Saved entries
____________

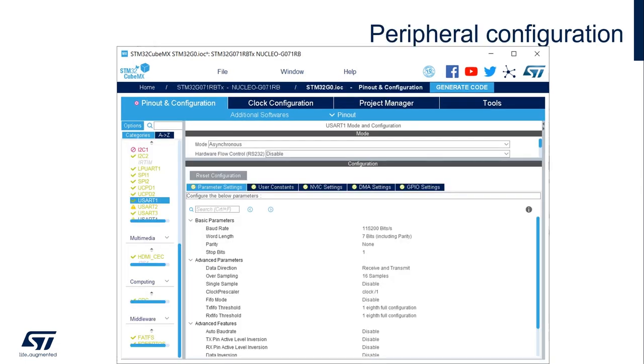This is the peripheral configuration phase, where you will set the parameters of the peripherals you will use in your application. I am showing here a USART configuration.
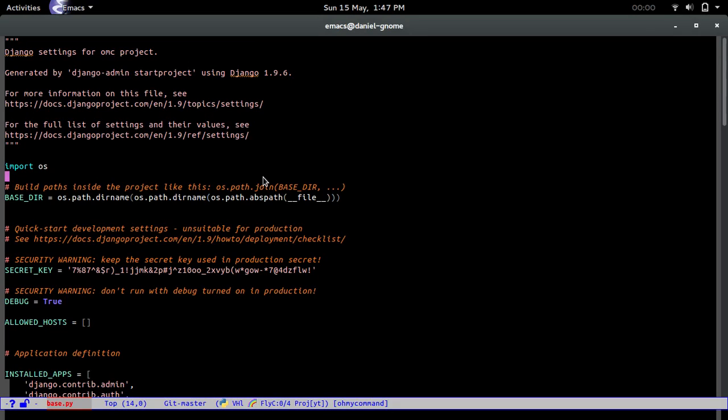Hello, my name is Daniel Gopar. This is the second video on Django and AngularJS.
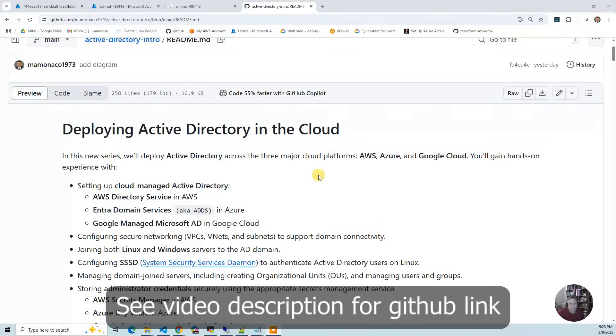In this series, we're going to deploy the Active Directory Platform as a Service option across all three major cloud providers.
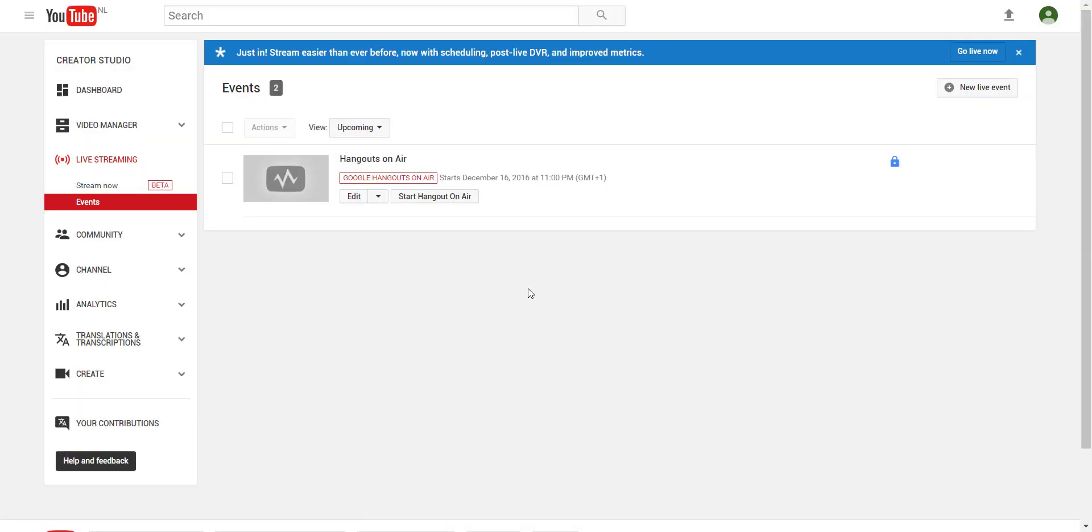As you see we created the Hangout and we're clicking on Start Hangout on Air.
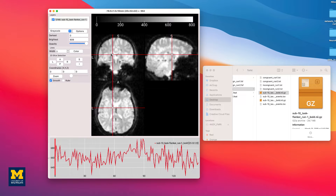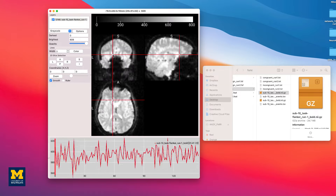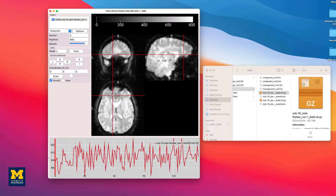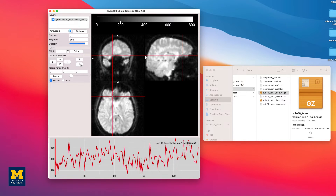Holding the CTRL key while scrolling allows you to zoom in and out of the image. Scrolling one image at a time can be done manually, either through the left and right arrow keys and up and down arrow keys, or by clicking on the L, R, A, P, S, and I buttons in the 2D slice selection sub-window.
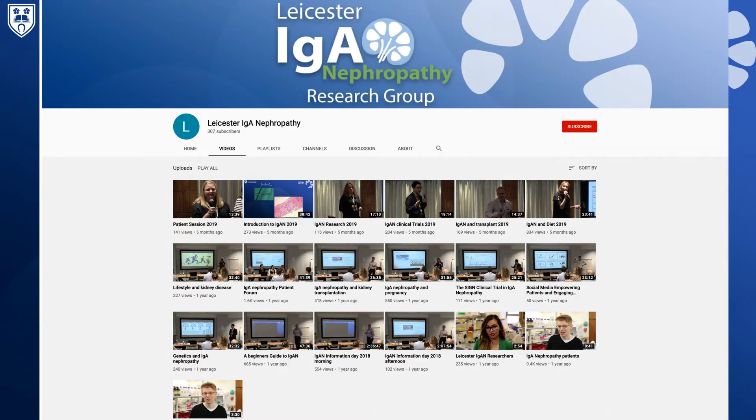I'm also going to signpost you to the videos we have on our YouTube channel which cover the topics that were discussed at the last two Patient Information Days and our lab open day in Leicester.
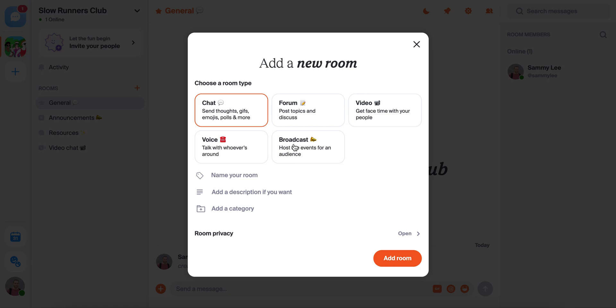And last but not least, we have broadcast rooms, which are sort of like a private Instagram Live just for your group or community. Up to eight people can be on stage and thousands of people from the community can tune in and watch. These are great for things like chapter meetings, live panels, and daily updates.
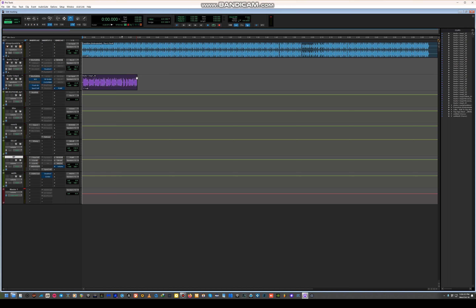It's not even clipping, as you can see. There's no compression squashing everything. Everything will sound nice.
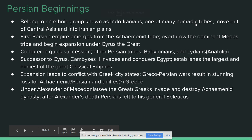All right, so welcome back for part two. Now we're going to switch focus, move ourselves out of Africa and into one of the great empires of the Middle East, and that is the Persian Empire.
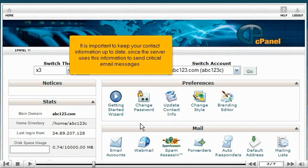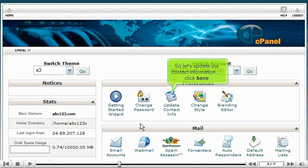It is important to keep your contact information up to date, since the server uses this information to send critical email messages. So let's update our contact information. Click here.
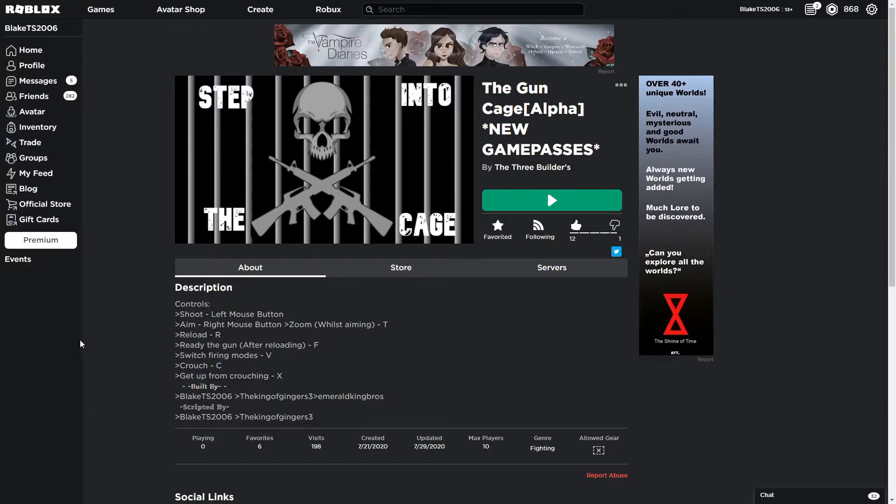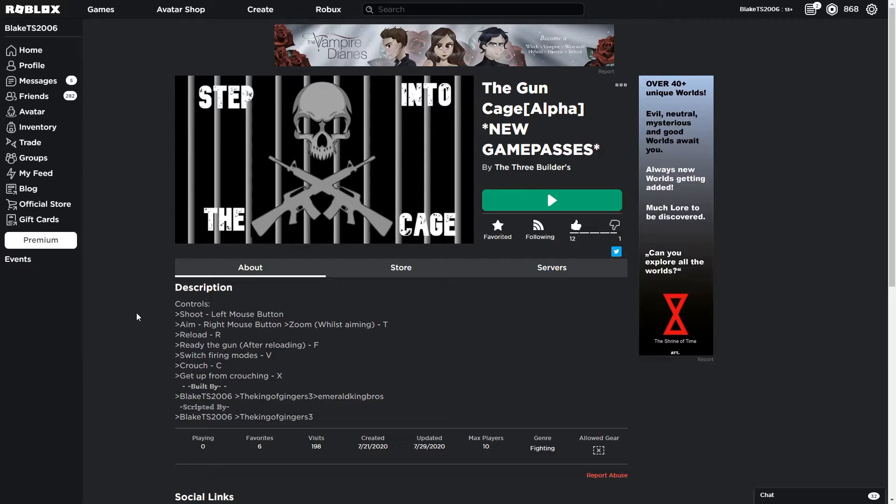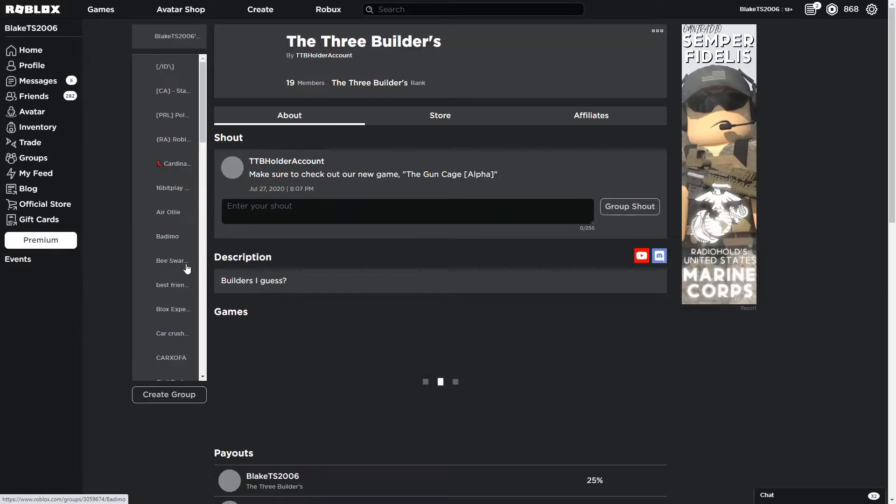I'll leave the link in the description for the game. It'd be nice if you come visit, give a like, support the game, help us out, and join the group.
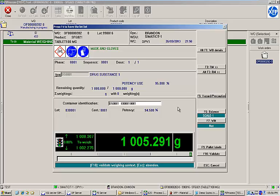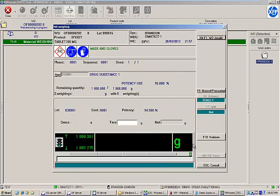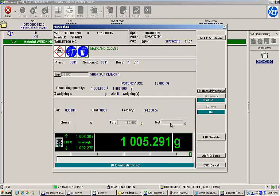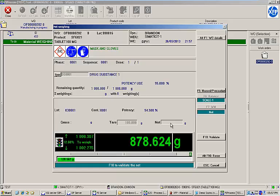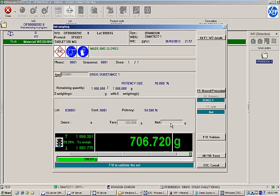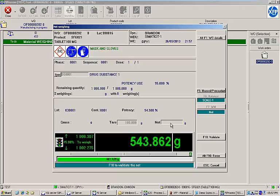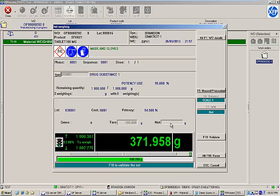Next, I'll begin to weigh my material. XFP's weighing module fully integrates with scales connected via serial or USB ports. This scale interface allows the MES to display the quantity remaining to weigh and ensure that operators weigh the correct amount.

____________

PROBLEM REQUIREMENTS: Starting at the first line of the records and stopping after the line with "I'm also going", copy each line exactly; pictures stay out.

OUTPUT OF THE EXERCISE:
This is the peripheral configuration phase, where you will set the parameters of the peripherals you will use in your application. I am showing here a USART configuration.
Hello, my name is Daniel Gopar. This is the second video on Django and AngularJS.
In this series, we're going to deploy the Active Directory Platform as a Service option across all three major cloud providers.
As you see we created the Hangout and we're clicking on Start Hangout on Air.
Holding the CTRL key while scrolling allows you to zoom in and out of the image. Scrolling one image at a time can be done manually, either through the left and right arrow keys and up and down arrow keys, or by clicking on the L, R, A, P, S, and I buttons in the 2D slice selection sub-window.
I'm also going to signpost you to the videos we have on our YouTube channel which cover the topics that were discussed at the last two Patient Information Days and our lab open day in Leicester.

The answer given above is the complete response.